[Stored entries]
* * *

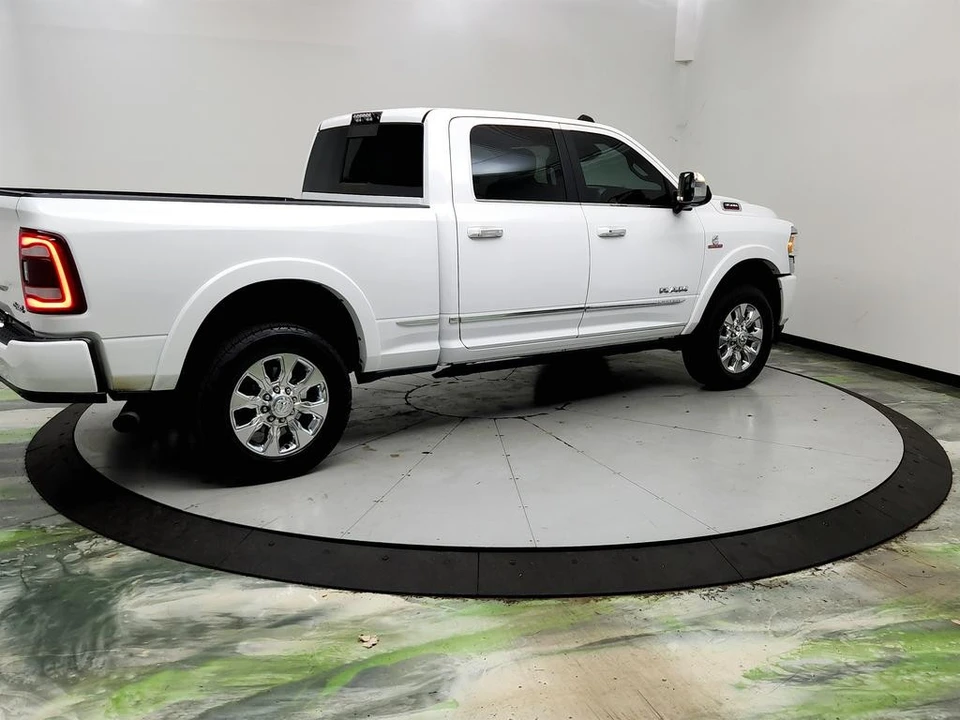 2019 Ram 3500 - Image 5 of 31
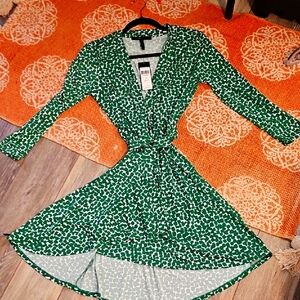 BCBGMaxAzria Emerald and Ivory Patterned Long Sleeve Dress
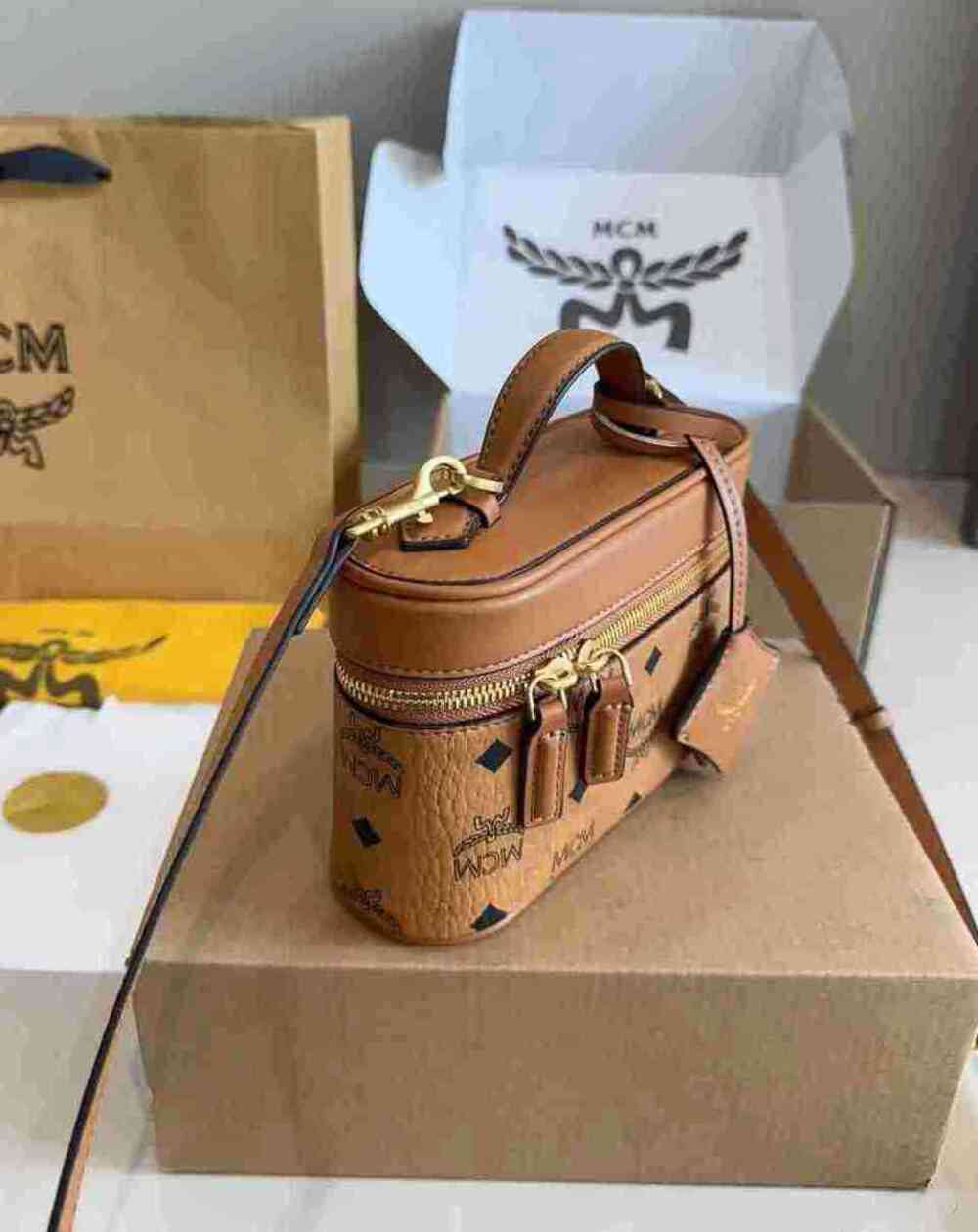 MCM Brown Visetos Cosmetic Vanity Case Detachable Crossbody Strap - Picture 2 of 8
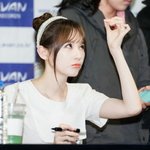 <b>찐빵</b> 같고 귀여운 강민경 최근 올림머리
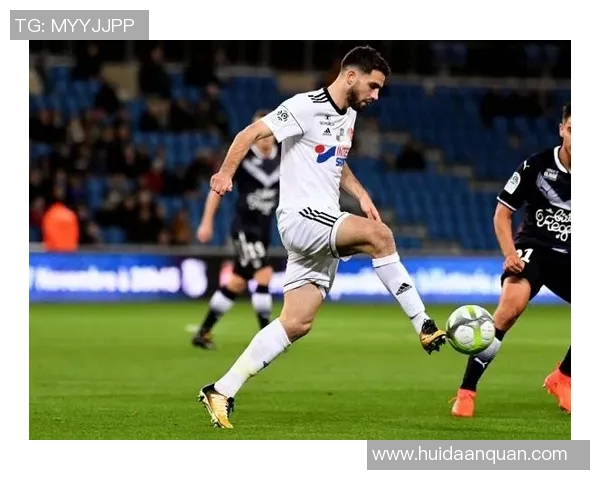 亚眠足球队迎战巴黎圣日耳曼全力争胜的精彩对决分析 亚眠足球队迎战巴黎圣日耳曼全力争胜的精彩对决分析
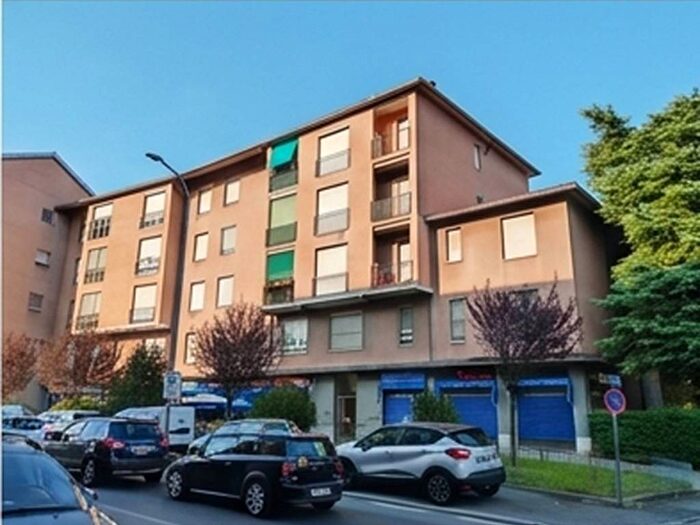 Appartamento trilocale in affitto in Via Parco Vecchio, Crosione, Pavia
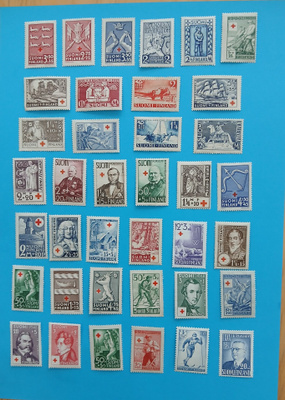 Suomalaisia postituoreita merkkejä eri vuosilta 38 kpl **:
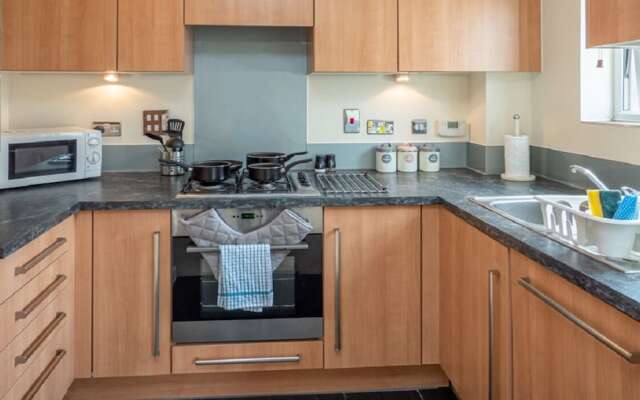Open plan 2 Bedroom Apartment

* * *

| What you should do |
Retype exactly the lines above, starting at the line containing "Suomalaisia postituoreita merkkejä" and ending with the last line, both included; leave out the pictures.

| Output |
 Suomalaisia postituoreita merkkejä eri vuosilta 38 kpl **:
Open plan 2 Bedroom Apartment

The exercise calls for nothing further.